[[ Data shown, beginning ]]

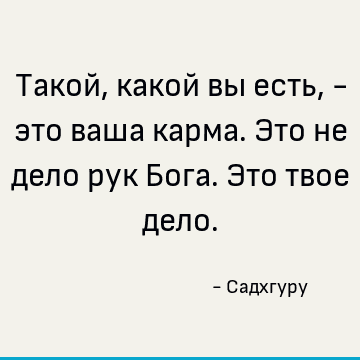 Такой, какой вы есть, - это ваша карма. Это не дело рук Бога. Это твое дело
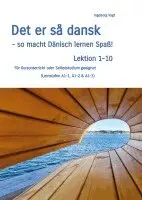Ingeborg Vagt - Det er så dansk - so macht Dänisch lernen Spaß!  Lektion 1-10, Häftad. Tillgänglighet: Lägg i varukorg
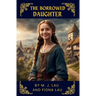 The Borrowed Daughter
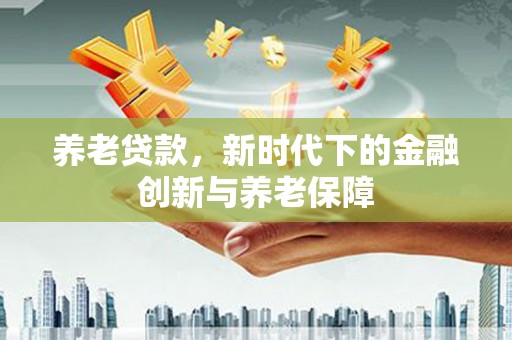 永济养老贷款，新时代下的金融创新与养老保障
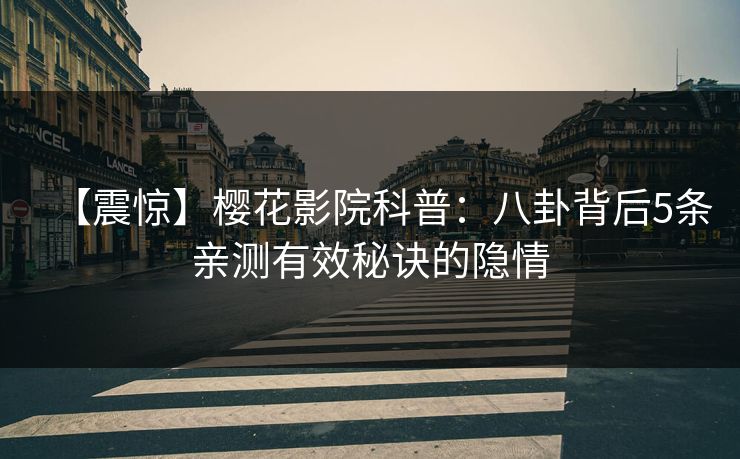 【震惊】樱花影院科普:八卦背后5条亲测有效秘诀的隐情 【震惊】樱花影院科普:八卦背后5条亲测有效秘诀的隐情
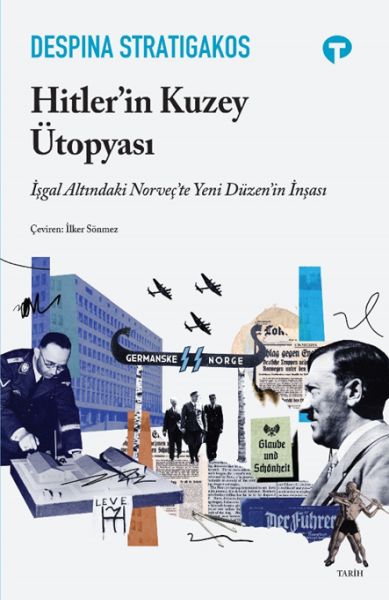Hitler’in Kuzey Ütopyası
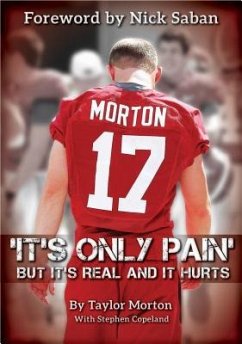 It's Only Pain: But It's Real and It Hurts - Morton, Taylor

[[ Data shown, end ]]

Reproduce every line above word for word; no images.

**Exercise answer**:
 Такой, какой вы есть, - это ваша карма. Это не дело рук Бога. Это твое дело
Ingeborg Vagt - Det er så dansk - so macht Dänisch lernen Spaß!  Lektion 1-10, Häftad. Tillgänglighet: Lägg i varukorg
 The Borrowed Daughter
 永济养老贷款，新时代下的金融创新与养老保障
 【震惊】樱花影院科普:八卦背后5条亲测有效秘诀的隐情 【震惊】樱花影院科普:八卦背后5条亲测有效秘诀的隐情
Hitler’in Kuzey Ütopyası
 It's Only Pain: But It's Real and It Hurts - Morton, Taylor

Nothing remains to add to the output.